We are told that this man gives generously of himself and mentors others who wish to spend some time with him and learn about his techniques.





It's time to head into town, settle in to our little hotel and do some exploring on our own.

The El Carmen church (AKA the Church of St Peter and St Paul), sitting on a hill and entered via arches is the centrepiece here and is visible from all parts of town.  The richly decorative three-dimensional artwork on the walls, funded by wealth from the mines is colourful, extravagant and lovely.  See & read more about the church here



Tlalpujahua is also known all over Mexico for its hand-blown glass Christmas decorations.  After the mine closed a couple who had lived in America, working at making Christmas ornaments, returned to their hometown to establish a factory and teach others to work in 600-degree Celsius heat to form the handblown treasures, then hand paint them.
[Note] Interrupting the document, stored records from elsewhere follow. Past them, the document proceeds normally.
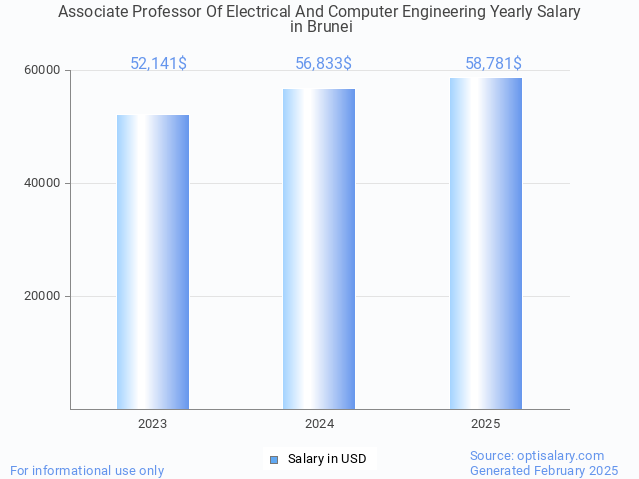 associate professor of electrical and computer engineering salary in brunei 2025 associate professor of electrical and computer engineering salary in brunei 2025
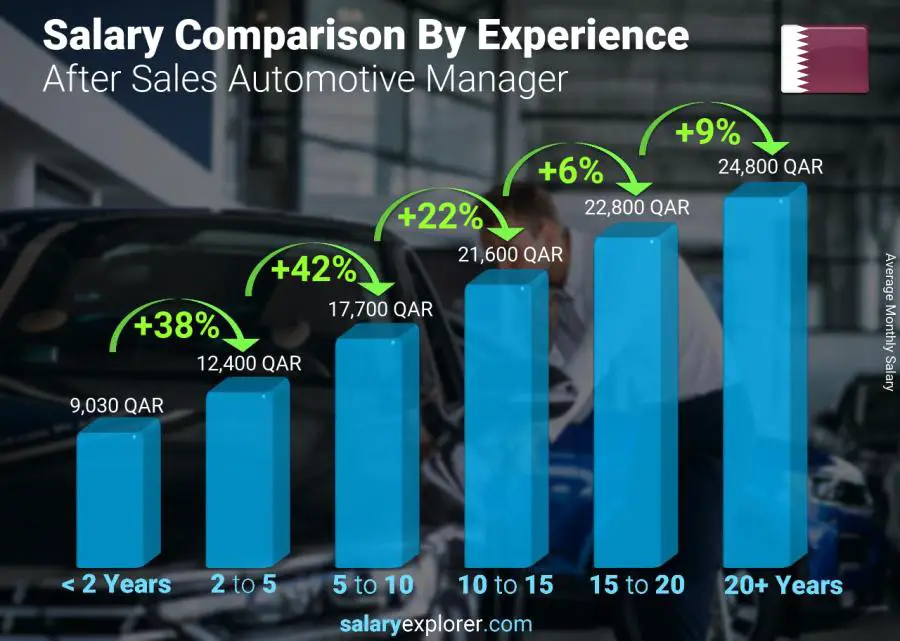 Salary comparison by years of experience monthly Qatar After Sales Automotive Manager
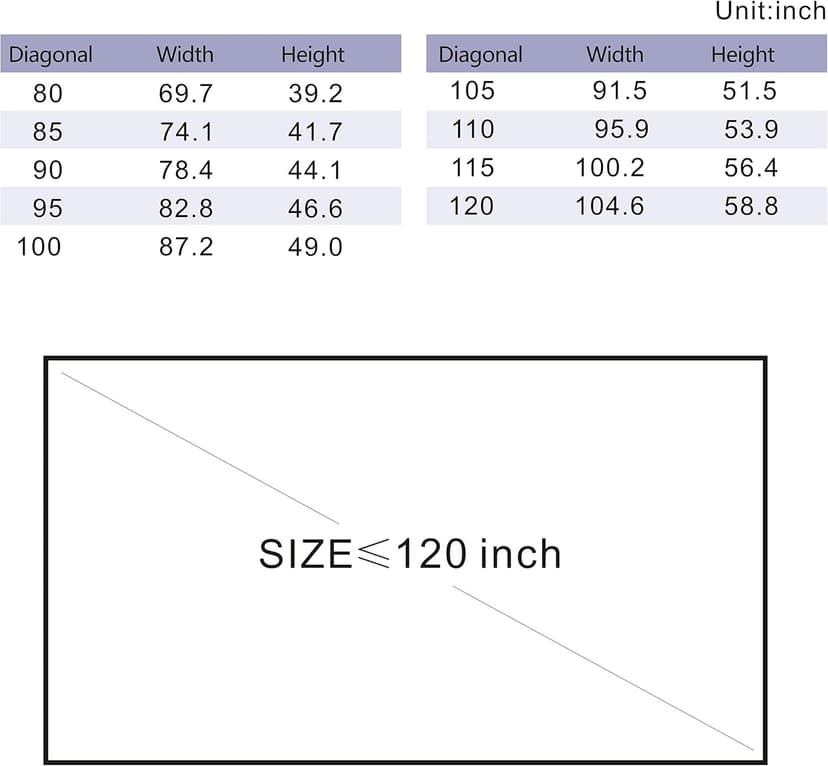 Projector Screen DIY Elastic Polyester Material 59x105 inch for Max 130 inch 16:9 Projection Screen Economical Black Backing 4K Ultra HD Front Projection Textile Fabric
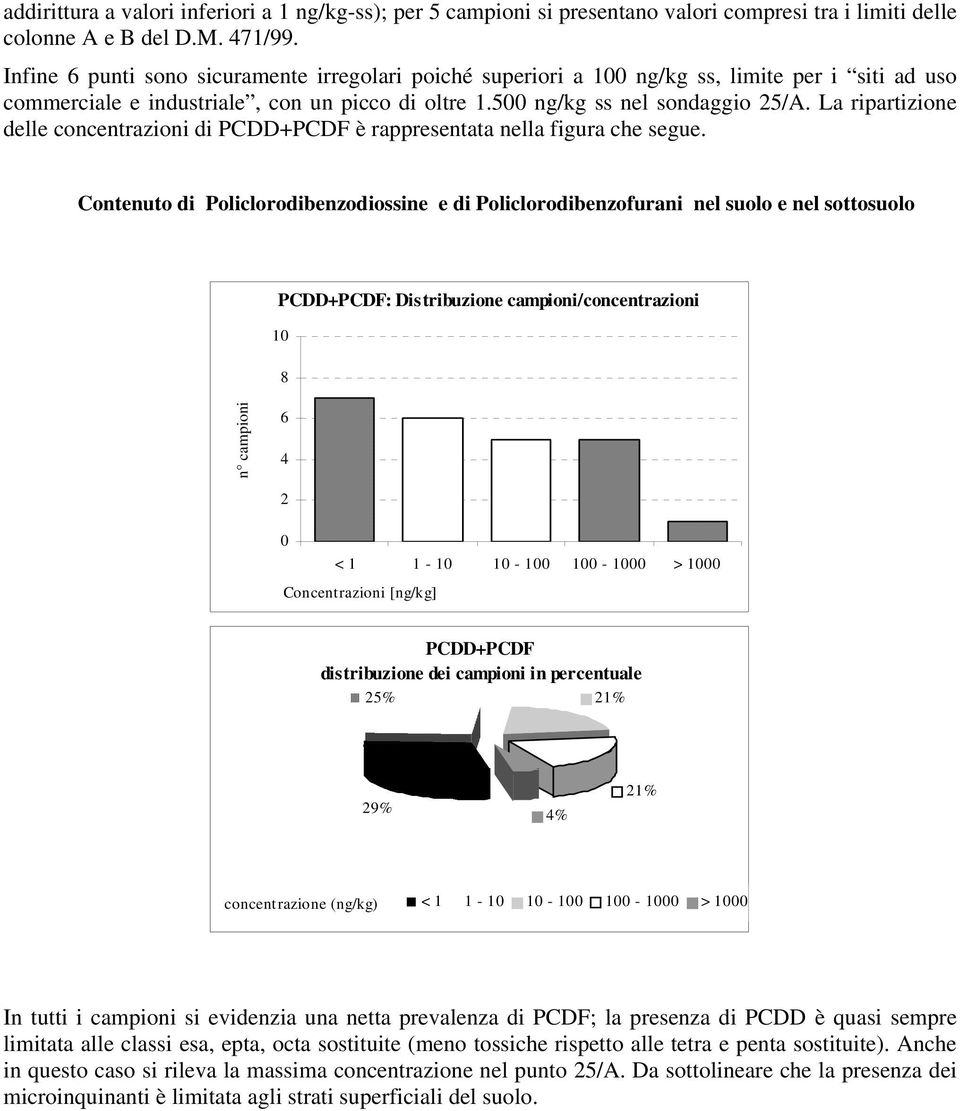 La ripartizione delle concentrazioni di PCDD+PCDF è rappresentata nella figura che segue.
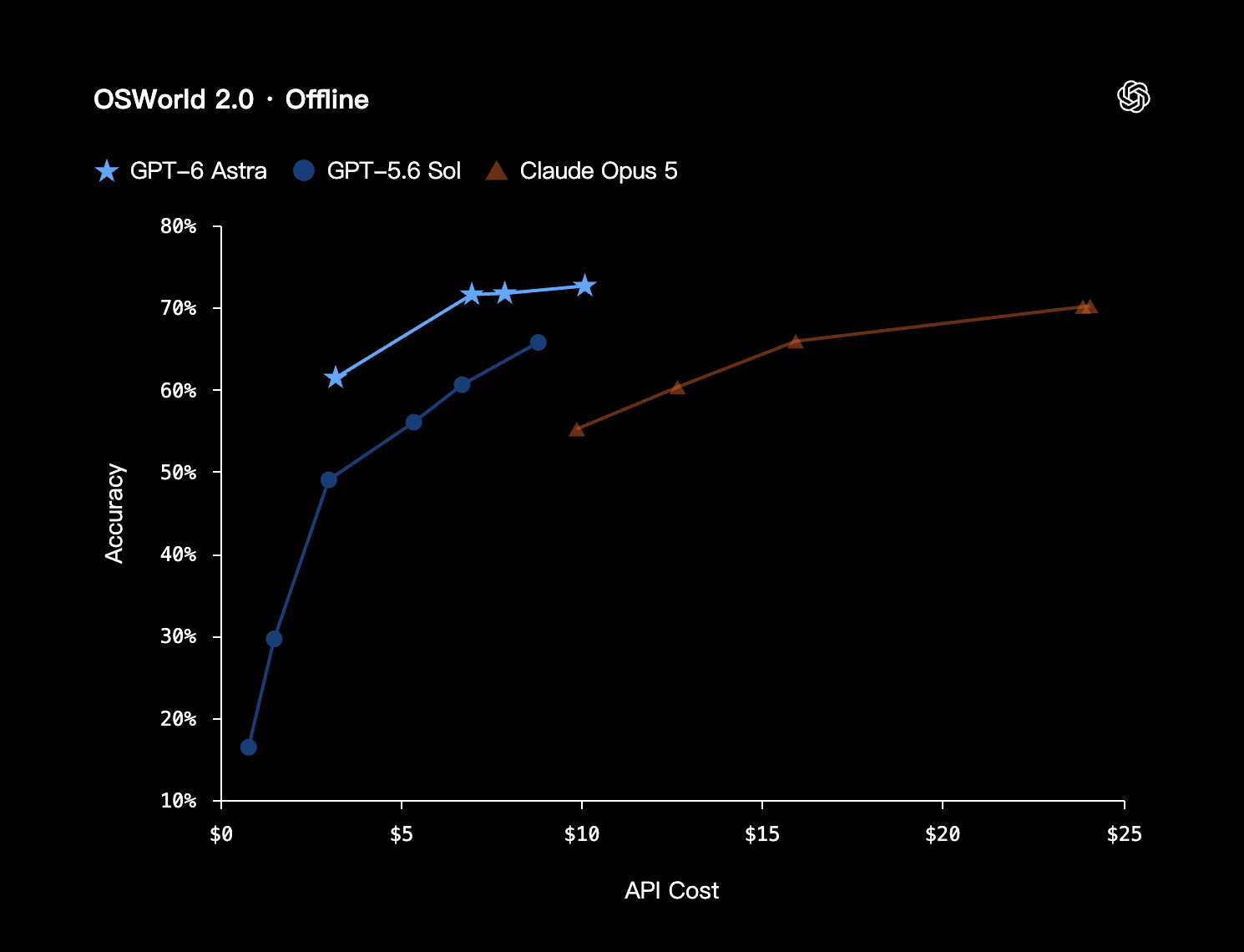 GPT-6 Astra OSWorld 2.0 · Offline benchmark chart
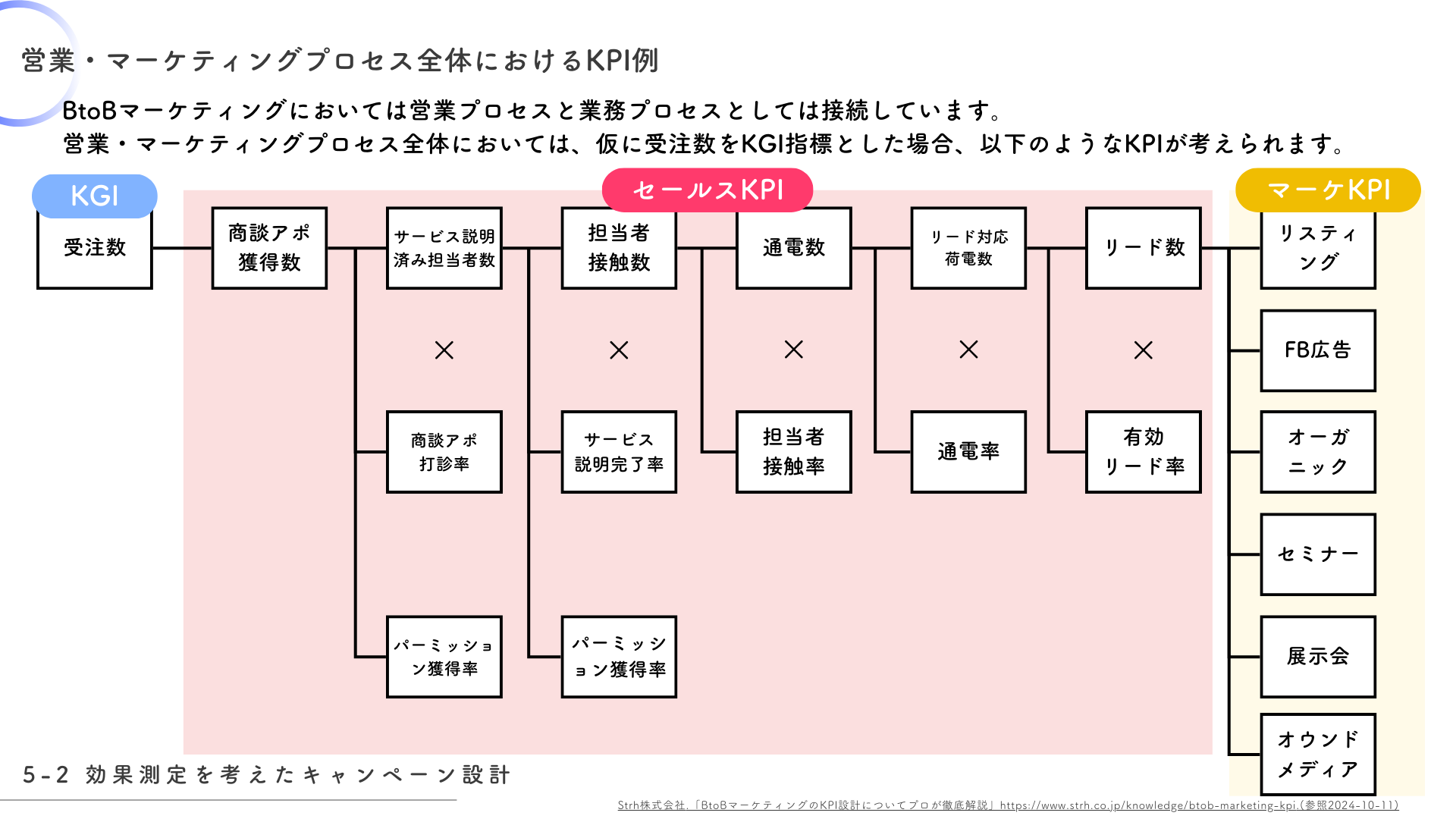 実践的な内容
Today this work represents 60%+ of the town's economy and produces more than 15 million baubles every season, shipping them worldwide.  Their craft has decorated the White House in Washington, DC, and the Sistine Chapel in Italy.  

Their work constantly changes to represent the times incorporating modern designs and materials and including decorations for the whole home.





After a couple of hours, there was a meet-up with Eric at a local mezcaleria.  The host was convivial and generous, handing out botanas (appys) to tide us over until dinner.

In 1937 after days of heavy rainfall, tailings of the mine were breached and a torrent of heavy silt tore through town, killing 300 people, and destroying a third of the town.  Whole neighbourhoods disappeared, plus the original church of El Carmen.   Before dinner, Eric walked us to the place where the old church once stood and through his stories let our imagination take us to that catastrophic time.

Dinner that night was a four-course traditional meal, served by a friend of Eric and Christina's, on the outside deck of her home.  Food, conversation and wine flowed freely.  Back at the hotel, some hardy folk lit a fire in the fireplace and enjoyed some mezcal.

On the morning of day two, before heading out to experience the Monarchs, Eric leads us on a street food tasting venture for breakfast that ended in the local market.  While waiting for food, Eric spied a vendor coming in with his product for the day: cow's head (Cabeza de la Vaca).  


The head is slow-roasted until the meat is fall-off-the-bone tender, then served in burritos or quesadillas.  We go over to have a look and later Eric brings a plate of meat over for us to try.  It is indeed tender, and tasty, and the high-fat content gives it a juicy, rich mouthfeel.  Delicious.

Lunch at the butterfly sanctuary later in the day is also delicious and includes a traditional soup that is cooked for many hours as well as some tortillas and quesadillas.

Arriving back in San Miguel around 8 pm, we are too tired for the walk home and hail a taxi.  If we were staying in San Miguel longer, we would consider another of Eric's tours.